Abstract
Two strains of Neisseria meningitidis serogroup C with disparate sequences of ctrA were isolated. The nucleotide substitutions did not alter the corresponding protein sequences, but they impeded the detection of these meningococcal isolates by real-time PCR.
CASE REPORT
In May 2008, a 27-year-old female was admitted to S. Orsola Hospital, Bologna, Italy, due to fever (39°C), myalgia, pharyngitis, and disseminated erythematous lesions on the legs. Her conscious status was conserved without signs of meningitis or neurological deficits, but she had an increased leukocyte count (29,000/ml) and elevated C-reactive protein (4.75 mg/dl). Her chest X ray was negative. Three blood culture samples were collected, and empirical antibiotic therapy, based on intravenous (i.v.) ceftriaxone (2 g/day), was initiated.

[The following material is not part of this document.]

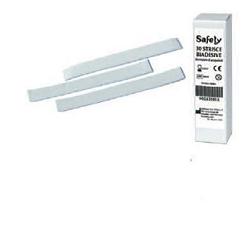 STRISCIA BIADESIVA UROGUAINE 30 PEZZI - Farmacia De Pasquale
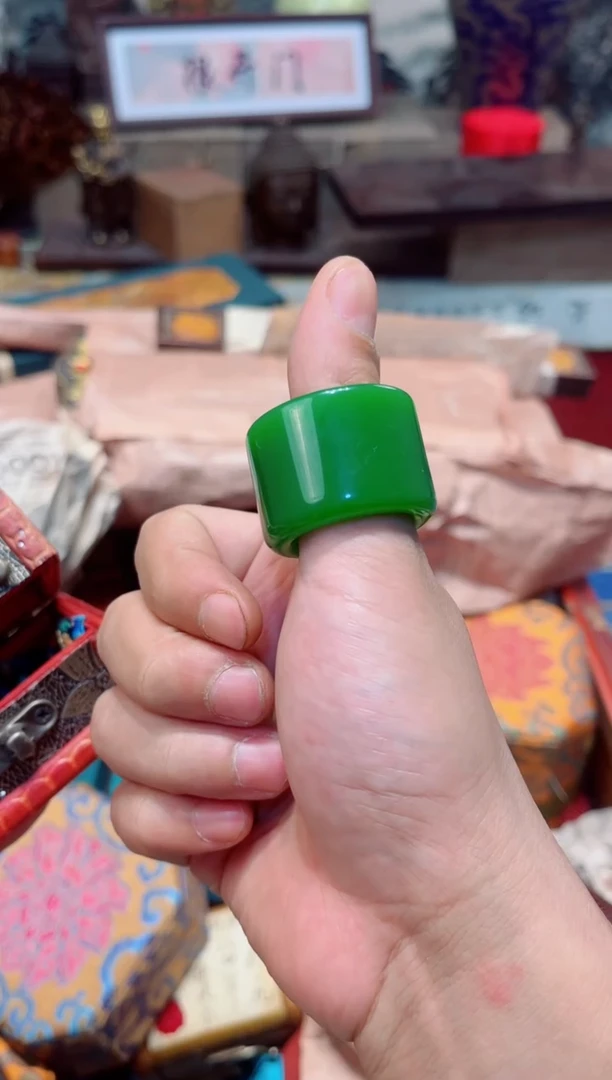 和田玉未镶嵌挂件C瑞哥专属高端精品39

A Neisseria meningitidis (serogroup C) strain was isolated from individual blood cultures. The isolate, as tested by automated antimicrobial susceptibility test (AST) with the NH 214346 card (Vitek system; bioMérieux, Marcy l'Etoile, France), was sensitive to amoxicillin with clavulanic acid, ampicillin, chloramphenicol, azithromycin, sulfamethoxazole-trimethoprim, ceftriaxone, cefotaxime, and levofloxacin. Meningococcal sepsis was diagnosed, and the patient was discharged in good condition after 6 days of hospitalization. Home therapy with amoxicillin-clavulanic acid (2 g daily, orally) was recommended for the following 5 days.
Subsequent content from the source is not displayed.